→ **EXERCISE REQUIREMENTS**
Range to reproduce from the entries below: the line with "Used 2019 Ford Fusion SE FWD image 15", the line with "Serena Williams vőlegénye, Alexis", and every line in between. Give them exactly and give nothing else.

→ **Crawled caption data**
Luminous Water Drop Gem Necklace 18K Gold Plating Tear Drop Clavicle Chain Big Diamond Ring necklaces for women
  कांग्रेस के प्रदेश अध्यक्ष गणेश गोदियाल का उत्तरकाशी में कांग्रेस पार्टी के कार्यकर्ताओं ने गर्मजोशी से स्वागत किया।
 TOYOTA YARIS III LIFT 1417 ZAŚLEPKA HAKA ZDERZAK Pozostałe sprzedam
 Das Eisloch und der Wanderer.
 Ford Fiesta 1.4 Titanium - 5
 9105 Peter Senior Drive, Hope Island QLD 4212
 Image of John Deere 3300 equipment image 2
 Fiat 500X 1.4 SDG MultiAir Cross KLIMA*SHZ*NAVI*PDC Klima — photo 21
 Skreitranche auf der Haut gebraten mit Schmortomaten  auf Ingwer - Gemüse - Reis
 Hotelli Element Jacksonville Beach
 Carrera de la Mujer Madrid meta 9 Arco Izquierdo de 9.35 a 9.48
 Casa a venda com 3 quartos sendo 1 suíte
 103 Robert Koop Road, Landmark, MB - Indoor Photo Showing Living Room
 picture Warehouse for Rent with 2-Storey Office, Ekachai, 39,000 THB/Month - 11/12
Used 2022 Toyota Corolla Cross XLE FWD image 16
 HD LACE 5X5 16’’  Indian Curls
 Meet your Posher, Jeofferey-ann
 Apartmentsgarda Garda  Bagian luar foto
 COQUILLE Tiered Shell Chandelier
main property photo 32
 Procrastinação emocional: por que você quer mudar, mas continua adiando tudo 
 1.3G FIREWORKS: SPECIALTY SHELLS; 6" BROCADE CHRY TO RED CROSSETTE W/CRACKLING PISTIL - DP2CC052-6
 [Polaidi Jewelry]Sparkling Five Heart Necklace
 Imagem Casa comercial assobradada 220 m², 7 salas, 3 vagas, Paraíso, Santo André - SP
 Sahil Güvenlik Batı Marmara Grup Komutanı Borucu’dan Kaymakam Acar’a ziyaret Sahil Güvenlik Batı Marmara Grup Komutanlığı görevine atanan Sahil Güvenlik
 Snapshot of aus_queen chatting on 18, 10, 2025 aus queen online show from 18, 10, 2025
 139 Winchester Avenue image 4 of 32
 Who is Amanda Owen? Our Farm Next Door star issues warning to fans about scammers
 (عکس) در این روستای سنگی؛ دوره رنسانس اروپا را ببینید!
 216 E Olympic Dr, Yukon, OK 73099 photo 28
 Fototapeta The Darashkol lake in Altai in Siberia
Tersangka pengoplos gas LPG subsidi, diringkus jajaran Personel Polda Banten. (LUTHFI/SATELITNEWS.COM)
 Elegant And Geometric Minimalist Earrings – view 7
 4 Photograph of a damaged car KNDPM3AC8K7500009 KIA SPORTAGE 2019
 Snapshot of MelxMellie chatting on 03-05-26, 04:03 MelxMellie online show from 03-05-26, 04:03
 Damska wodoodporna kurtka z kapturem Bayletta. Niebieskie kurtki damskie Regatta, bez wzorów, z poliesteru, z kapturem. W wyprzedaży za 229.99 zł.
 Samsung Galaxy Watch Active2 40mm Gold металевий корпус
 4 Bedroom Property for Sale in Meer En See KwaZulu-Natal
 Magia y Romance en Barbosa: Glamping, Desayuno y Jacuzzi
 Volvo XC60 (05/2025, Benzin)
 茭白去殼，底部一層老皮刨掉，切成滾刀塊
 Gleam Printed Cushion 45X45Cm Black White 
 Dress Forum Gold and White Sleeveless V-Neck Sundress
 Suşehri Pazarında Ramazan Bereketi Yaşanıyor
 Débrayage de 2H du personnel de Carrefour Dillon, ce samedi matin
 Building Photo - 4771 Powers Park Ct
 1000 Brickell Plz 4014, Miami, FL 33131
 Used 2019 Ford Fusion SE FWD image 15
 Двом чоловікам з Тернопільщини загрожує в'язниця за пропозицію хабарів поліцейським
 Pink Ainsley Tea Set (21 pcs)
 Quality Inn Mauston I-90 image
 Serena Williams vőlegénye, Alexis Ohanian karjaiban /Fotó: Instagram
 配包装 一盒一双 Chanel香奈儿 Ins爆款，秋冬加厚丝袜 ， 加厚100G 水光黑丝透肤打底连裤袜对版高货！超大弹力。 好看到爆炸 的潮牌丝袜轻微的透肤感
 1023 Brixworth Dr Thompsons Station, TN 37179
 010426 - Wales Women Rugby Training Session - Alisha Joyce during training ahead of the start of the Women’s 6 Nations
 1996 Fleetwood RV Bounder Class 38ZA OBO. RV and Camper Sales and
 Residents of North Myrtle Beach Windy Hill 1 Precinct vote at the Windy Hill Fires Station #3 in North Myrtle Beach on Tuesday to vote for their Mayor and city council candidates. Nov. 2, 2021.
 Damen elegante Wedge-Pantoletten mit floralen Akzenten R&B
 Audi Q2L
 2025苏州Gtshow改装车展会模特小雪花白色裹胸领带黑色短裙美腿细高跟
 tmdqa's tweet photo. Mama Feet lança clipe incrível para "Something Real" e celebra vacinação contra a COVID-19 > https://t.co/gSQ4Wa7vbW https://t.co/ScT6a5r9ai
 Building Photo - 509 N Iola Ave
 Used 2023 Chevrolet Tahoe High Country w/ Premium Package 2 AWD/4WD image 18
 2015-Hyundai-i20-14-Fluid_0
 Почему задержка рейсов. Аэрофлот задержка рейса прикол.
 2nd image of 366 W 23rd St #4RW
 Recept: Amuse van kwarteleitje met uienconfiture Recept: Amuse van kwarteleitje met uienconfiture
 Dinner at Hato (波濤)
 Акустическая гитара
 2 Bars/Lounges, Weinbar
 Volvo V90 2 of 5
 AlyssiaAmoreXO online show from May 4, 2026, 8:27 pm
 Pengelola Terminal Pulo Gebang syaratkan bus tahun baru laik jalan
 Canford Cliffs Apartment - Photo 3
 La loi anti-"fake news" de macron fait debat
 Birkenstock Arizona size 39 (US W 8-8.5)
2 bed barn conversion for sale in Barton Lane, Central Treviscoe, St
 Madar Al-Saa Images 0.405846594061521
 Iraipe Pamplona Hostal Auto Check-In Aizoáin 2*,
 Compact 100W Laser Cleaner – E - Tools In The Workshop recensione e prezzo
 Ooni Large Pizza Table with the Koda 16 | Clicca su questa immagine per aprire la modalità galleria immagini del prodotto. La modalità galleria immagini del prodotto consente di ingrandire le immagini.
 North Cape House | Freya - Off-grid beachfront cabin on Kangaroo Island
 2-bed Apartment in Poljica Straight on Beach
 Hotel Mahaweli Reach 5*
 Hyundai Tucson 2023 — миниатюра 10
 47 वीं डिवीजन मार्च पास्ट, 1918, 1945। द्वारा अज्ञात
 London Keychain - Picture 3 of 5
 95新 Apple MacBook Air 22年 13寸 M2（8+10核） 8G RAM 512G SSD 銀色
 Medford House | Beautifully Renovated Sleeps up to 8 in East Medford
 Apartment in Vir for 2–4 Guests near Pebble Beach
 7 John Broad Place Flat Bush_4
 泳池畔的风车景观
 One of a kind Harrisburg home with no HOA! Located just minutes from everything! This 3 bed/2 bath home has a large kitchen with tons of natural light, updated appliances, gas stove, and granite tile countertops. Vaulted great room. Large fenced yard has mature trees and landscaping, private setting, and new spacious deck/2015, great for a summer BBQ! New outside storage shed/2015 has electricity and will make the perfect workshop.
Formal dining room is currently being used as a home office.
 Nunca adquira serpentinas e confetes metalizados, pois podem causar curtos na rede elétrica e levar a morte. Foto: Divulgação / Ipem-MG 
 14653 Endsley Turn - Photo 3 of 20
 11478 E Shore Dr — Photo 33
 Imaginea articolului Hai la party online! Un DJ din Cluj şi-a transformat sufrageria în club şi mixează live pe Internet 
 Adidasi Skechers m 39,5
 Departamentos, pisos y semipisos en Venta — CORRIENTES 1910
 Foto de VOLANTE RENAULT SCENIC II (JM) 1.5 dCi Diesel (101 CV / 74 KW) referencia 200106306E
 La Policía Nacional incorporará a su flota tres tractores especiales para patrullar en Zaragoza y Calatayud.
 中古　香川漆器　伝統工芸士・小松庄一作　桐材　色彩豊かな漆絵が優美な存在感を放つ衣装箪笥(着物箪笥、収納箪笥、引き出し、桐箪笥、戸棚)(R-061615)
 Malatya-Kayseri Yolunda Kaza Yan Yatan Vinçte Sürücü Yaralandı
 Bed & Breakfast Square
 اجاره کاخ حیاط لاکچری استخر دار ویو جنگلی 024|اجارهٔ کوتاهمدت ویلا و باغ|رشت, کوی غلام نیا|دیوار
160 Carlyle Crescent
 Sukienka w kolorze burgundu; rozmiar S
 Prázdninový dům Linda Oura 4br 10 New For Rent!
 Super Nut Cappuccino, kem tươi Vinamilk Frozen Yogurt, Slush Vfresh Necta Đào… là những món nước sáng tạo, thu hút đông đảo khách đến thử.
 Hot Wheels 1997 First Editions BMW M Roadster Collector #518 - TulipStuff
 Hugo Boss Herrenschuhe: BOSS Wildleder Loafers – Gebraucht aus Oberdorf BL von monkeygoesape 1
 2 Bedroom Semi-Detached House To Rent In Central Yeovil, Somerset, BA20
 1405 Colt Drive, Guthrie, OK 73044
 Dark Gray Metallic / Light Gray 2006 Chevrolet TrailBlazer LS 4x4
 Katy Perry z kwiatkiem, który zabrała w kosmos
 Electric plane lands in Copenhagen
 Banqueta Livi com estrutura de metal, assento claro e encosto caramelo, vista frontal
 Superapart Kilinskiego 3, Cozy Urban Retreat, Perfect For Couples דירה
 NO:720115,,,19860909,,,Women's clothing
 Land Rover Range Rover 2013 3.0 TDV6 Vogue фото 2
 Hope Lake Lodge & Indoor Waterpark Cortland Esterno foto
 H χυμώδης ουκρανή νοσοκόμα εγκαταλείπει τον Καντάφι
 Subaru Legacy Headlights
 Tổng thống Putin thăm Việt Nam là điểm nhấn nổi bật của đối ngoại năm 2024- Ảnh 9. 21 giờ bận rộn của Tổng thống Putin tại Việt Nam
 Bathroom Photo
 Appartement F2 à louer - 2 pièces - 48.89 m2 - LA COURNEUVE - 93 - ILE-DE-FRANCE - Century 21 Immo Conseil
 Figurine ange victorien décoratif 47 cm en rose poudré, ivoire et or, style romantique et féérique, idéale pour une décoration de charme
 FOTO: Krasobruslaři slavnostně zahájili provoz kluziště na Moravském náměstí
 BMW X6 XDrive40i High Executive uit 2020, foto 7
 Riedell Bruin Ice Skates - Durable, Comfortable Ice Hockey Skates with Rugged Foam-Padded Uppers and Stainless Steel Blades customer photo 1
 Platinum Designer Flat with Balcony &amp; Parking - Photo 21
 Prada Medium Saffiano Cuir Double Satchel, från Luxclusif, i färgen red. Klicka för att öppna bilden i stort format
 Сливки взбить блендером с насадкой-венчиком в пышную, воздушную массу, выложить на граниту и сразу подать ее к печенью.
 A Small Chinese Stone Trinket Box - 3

→ **RESULT OF THE TASK**
 Used 2019 Ford Fusion SE FWD image 15
 Двом чоловікам з Тернопільщини загрожує в'язниця за пропозицію хабарів поліцейським
 Pink Ainsley Tea Set (21 pcs)
 Quality Inn Mauston I-90 image
 Serena Williams vőlegénye, Alexis Ohanian karjaiban /Fotó: Instagram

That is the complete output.